Дом печали. Фрагмент.
В сложном и прекрасном мире истории большой живописи есть мастера, имена которых при одном даже их упоминании немедля вызывают поток ассоциаций, образов, целый зрительный ряд, объемный, цветной, пластически ясный, неподражаемый и, как правило, глубоко национальный. Имена великих живописцев заставляют нас буквально в неуловимые доли секунды представить себе великолепный и убогий, смеющийся и мрачный, сверкающий весельем и гнетущий своей безысходностью мир. Мир далекой, порой давно ушедшей от нас жизни. И этот сонм образов вмиг обрушивается на сознание, как бы мы ни сопротивлялись. Такова магия однажды увиденного и прочувствованного искусства. Перед нашим мысленным взором сложно восстают из небытия, будто выходят из рамы нашей памяти, лики позабытых героев, образы ныне неведомых прекрасных женщин, суровые лица предков.
Мункачи. Вы слышите это имя, и в сознании, будто озаренные молнией, предстают его полотна. И я вижу вновь его неповторимые сцены из народной жизни Венгрии тех давних лет, нет, не сцены — саму терпкую и горькую, а порою страшную жизнь той эпохи.
Среди десятков его картин первой я вспоминаю ту, которую видел в Национальной галерее в Будапеште.
«Дом печали». Последний день жизни приговоренного к смерти бетьяра — так звали Робингудов Венгрии, этих великодушных и справедливых разбойников из народа, страшных лишь для толстосумов и знати.
Последние часы перед казнью.
По закону тех лет, придуманному для устрашения людей, было сделано так, что любой мог прийти посетить обреченного.
Бетьяр сидит за столом. Тяжелая рука опущена на белую скатерть. За окном яркий день. Но горят две свечи, напоминая о трагедии. Позванивают кандалы на ногах. Брошена на пол Библия. Осужденный сжал кулаки.
Он отвернулся от докучливых взоров.
Рыдает жена, прильнувшая к холодной, сырой стене. Ничего не понимает маленькая дочка.
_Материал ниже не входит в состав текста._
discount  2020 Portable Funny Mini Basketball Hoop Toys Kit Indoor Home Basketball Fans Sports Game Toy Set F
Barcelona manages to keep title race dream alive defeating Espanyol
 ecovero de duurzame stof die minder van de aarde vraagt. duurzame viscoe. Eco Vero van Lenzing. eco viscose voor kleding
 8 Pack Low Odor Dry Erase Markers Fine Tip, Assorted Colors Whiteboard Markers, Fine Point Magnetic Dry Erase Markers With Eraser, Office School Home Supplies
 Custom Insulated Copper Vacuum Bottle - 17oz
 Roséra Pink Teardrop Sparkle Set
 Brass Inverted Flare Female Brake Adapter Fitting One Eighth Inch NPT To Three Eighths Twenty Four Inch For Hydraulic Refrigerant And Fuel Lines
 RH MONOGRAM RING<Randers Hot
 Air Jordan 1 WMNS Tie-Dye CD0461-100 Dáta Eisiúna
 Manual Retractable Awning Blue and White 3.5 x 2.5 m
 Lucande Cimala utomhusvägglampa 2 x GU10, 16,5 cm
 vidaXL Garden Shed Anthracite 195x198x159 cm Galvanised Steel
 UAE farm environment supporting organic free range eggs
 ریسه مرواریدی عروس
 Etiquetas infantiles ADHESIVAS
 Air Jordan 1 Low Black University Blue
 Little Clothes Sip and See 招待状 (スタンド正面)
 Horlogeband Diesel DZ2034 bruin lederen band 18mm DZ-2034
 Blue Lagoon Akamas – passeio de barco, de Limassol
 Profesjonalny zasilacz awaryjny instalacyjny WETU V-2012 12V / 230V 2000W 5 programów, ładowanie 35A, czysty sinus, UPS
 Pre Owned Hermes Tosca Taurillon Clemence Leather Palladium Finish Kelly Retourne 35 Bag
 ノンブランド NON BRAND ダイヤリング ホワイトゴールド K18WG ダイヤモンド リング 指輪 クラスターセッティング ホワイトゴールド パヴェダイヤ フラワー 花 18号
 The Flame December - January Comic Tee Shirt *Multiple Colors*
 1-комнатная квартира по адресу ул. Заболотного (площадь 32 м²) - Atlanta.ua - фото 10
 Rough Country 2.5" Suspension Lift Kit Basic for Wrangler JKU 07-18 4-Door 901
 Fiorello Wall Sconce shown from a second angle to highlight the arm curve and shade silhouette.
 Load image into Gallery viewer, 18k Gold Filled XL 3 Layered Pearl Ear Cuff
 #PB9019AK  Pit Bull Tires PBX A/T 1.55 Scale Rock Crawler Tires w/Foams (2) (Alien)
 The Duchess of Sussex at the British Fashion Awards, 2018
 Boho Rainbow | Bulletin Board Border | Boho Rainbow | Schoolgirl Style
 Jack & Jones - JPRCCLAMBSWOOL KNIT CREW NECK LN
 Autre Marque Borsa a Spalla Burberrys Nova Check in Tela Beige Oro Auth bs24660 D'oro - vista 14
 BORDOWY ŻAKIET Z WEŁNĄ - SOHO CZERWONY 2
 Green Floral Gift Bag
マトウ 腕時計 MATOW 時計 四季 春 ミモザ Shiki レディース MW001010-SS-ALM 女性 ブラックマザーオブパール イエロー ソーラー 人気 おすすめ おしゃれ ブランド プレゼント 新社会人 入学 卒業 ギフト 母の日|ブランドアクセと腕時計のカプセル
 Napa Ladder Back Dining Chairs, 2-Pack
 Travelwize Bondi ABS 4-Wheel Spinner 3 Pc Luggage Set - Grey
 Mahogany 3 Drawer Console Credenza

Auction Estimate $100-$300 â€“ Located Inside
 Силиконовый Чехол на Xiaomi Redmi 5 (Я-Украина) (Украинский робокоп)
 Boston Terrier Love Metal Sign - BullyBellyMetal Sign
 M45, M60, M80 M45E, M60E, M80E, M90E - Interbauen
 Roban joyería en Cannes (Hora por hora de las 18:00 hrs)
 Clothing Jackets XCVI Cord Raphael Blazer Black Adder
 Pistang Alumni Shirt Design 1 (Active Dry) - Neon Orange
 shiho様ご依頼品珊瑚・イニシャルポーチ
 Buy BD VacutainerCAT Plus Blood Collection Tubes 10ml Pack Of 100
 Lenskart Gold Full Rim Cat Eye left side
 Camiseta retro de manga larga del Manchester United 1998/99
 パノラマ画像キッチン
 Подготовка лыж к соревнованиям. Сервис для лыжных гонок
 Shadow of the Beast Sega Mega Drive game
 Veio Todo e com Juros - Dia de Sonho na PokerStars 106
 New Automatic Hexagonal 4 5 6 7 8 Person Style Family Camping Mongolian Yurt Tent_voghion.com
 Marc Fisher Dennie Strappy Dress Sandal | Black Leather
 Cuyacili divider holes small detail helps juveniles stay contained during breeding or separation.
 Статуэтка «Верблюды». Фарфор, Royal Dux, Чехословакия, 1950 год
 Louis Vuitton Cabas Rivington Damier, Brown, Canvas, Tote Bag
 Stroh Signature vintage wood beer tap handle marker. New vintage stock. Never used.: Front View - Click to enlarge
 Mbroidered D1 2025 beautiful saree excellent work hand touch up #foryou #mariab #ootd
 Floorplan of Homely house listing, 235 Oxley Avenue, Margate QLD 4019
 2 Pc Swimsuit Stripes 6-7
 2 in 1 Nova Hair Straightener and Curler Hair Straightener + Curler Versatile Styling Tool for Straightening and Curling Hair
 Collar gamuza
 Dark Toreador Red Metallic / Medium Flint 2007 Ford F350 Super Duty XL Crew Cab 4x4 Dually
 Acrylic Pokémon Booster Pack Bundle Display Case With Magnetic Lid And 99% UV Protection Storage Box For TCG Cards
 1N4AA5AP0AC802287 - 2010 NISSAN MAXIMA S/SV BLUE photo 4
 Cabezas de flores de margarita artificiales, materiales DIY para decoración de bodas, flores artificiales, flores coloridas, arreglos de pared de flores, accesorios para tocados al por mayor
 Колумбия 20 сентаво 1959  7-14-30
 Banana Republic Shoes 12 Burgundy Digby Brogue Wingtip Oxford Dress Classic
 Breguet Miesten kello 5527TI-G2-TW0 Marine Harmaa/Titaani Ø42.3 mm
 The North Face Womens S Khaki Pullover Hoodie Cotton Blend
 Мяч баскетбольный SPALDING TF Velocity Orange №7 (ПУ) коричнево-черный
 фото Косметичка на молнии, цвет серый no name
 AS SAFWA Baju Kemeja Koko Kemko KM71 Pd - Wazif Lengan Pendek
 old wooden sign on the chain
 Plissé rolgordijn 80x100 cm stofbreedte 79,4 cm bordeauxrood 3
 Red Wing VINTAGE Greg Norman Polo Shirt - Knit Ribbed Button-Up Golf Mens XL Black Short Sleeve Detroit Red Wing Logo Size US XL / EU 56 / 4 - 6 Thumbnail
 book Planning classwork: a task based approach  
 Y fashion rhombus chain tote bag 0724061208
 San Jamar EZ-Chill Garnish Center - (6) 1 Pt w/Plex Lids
На переднем плане, спиной к нам, взъерошенный мальчуган. Это, может быть, сам маленький Михай Мункачи, будущий автор картины. Ведь он не раз в юности был свидетелем подобных сцен.
Задумался жандарм. С ужасом глядит на бетьяра случайно зашедшая молодая женщина, прижимая к груди своего младенца.
Скорбит усатый мужчина в черном плаще. Он скрестил руки, но взор его обещает, что смерть бетьяра не останется без возмездия.
Часы отмеряют последние минуты.
Вот звякнула монетка, брошенная в стоящую на полу тарелку. И снова зловещая тишина, лишь потрескивает нагар на свечах да всхлипывает жена бетьяра. На белой скатерти с черной каймой стоит кувшин с вином, но вино не тронуто. Сурово насупил брови разбойник. Горькие думы прорезали лоб глубокими морщинами. Играют солнечные блики около зарешеченного оконца. В подвале полумрак.
Благородно мужественное лицо бетьяра. Оно по-рыцарски открыто. На высокий бугристый лоб легли волнистые пряди волос. Нет ни следа приниженности, подавленности в этом образе.
Человек не сломлен.
Вера в правое дело побеждает в нем страх перед неизбежностью. Бетьяр глядит вдаль. Может быть, он видит сквозь толщу каменного мешка лесные чащи, широкие поля родной Венгрии, слышит голоса друзей…
Эта картина — ее чаще называют «Камера смертника» — глубоко трагична; ведь само бетьярство, этот бунт вольнолюбивых одиночек, было заранее обречено на провал. Ибо не хватало у них сил сражаться со всей грозной государственной машиной.
Могуч, сдержан колорит картины. Крепка красочная кладка. Предельно остры точные характеристики действующих лиц. Но это не просто удача молодого мастера. Его композиция — плод огромного труда. Десятки этюдов, эскизов, вариантов предшествовали созданию шедевра. Но главное, что явственно ощущается в каждой пяди живописи, — огромный жизненный опыт, легший в основу картины.